The Friedrich Peter Era
After the death of Anton Reinthaller, Friedrich Peter was elected Federal Party Chairman of the FPÖ in 1958. Having led the party for just under 20 years, Peter remains its longest-serving leader.
The Upper Austrian Peter also managed finally to lead the FPÖ out of its domestic political isolation. For the FPÖ succeeded for the first time in forging mutual alliances in parliament, for example with the SPÖ on the question of the Habsburg Laws and Otto Habsburg’s return to Austria. With Members of Parliament such as Tassilo Broesigke, Otto Scrinzi and Gustav Zeillinger, the Freedom Party was in due course able to make its mark in the National Council as a national-liberal party of notables and as a pivot, tipping the scales between the People‘s Party and the Socialists. This is why the FPÖ had high expectations for the 1970 National Council elections, launching itself into the campaign with the slogan “No red Chancellor, no black single-party government“. In the end, however, the FPÖ National Council election result stagnated at 5.5 percent. Nevertheless, Friedrich Peter seized the opportunity and in return for agreeing to support the SPÖ minority government under Bruno Kreisky, was able to achieve electoral law reform that was favourable to the Freedom Party.
When National Council elections took place under the new regulations in October 1971, the FPÖ was able to increase from six to ten its number of parliamentary seats in a chamber that had been enlarged from 165 to 183. Under Friedrich Peter, the FPÖ also initiated a process of programmatic modernisation. In 1968, the more modern “Ischl Party Programme“ was adopted in Bad Ischl, and at Peter‘s suggestion, the so-called “Attersee Circle“ was founded, a working group for young and more liberal-oriented intellectuals, one of whom was the later Party Chairman, Norbert Steger.

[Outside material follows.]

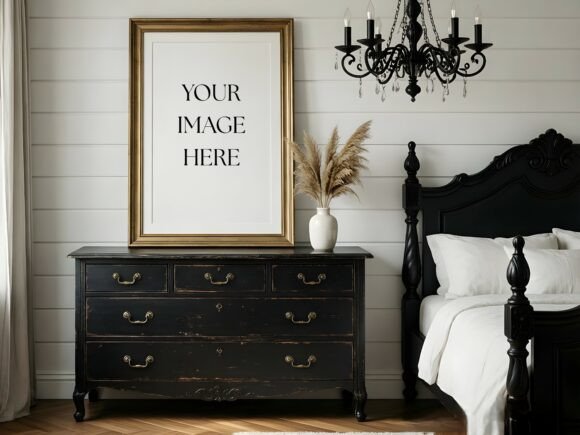 Vintage Gold Frame Mockup Bedroom vintage black and gold frame png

The “Attersee Circle“ subsequently provided valuable stimuli for the modernisation of the party and, among other things, took on the preparatory work for the “Freiheitliche Manifest zur Gesellschaftspolitik” (“FPÖ Manifesto on Social Policy“). Adopted in 1973, it already contained a chapter devoted to environmental protection. However, the later years of Peter‘s chairmanship were overshadowed by Simon Wiesenthal‘s highlighting from 1975 onwards of Peter‘s Second World War role within the Waffen-SS, though SPÖ Chancellor Bruno Kreisky, a friend of Friedrich Peter, took Peter‘s side. The affair ultimately also prevented Friedrich Peter being elected as Third President of the National Council. Following internal party disputes about Peter‘s past, Alexander Götz became the FPÖ’s new Party Chairman in 1978. Yet until 1986, Friedrich Peter remained Chairman of the FPÖ Parliamentary Group in the National Council.
Friedrich Peter became increasingly estranged from the FPÖ after the election of Jörg Haider as Party Chairman in the autumn of 1986, a development that culminated in his resignation from the party in 1992. Peter‘s relationship with his former party remained tense until his death in September 2005.
Nevertheless, it can be considered an historical achievement of Friedrich Peter to have anchored the FPÖ and thus the Third Lager as a stable factor in Austrian domestic politics.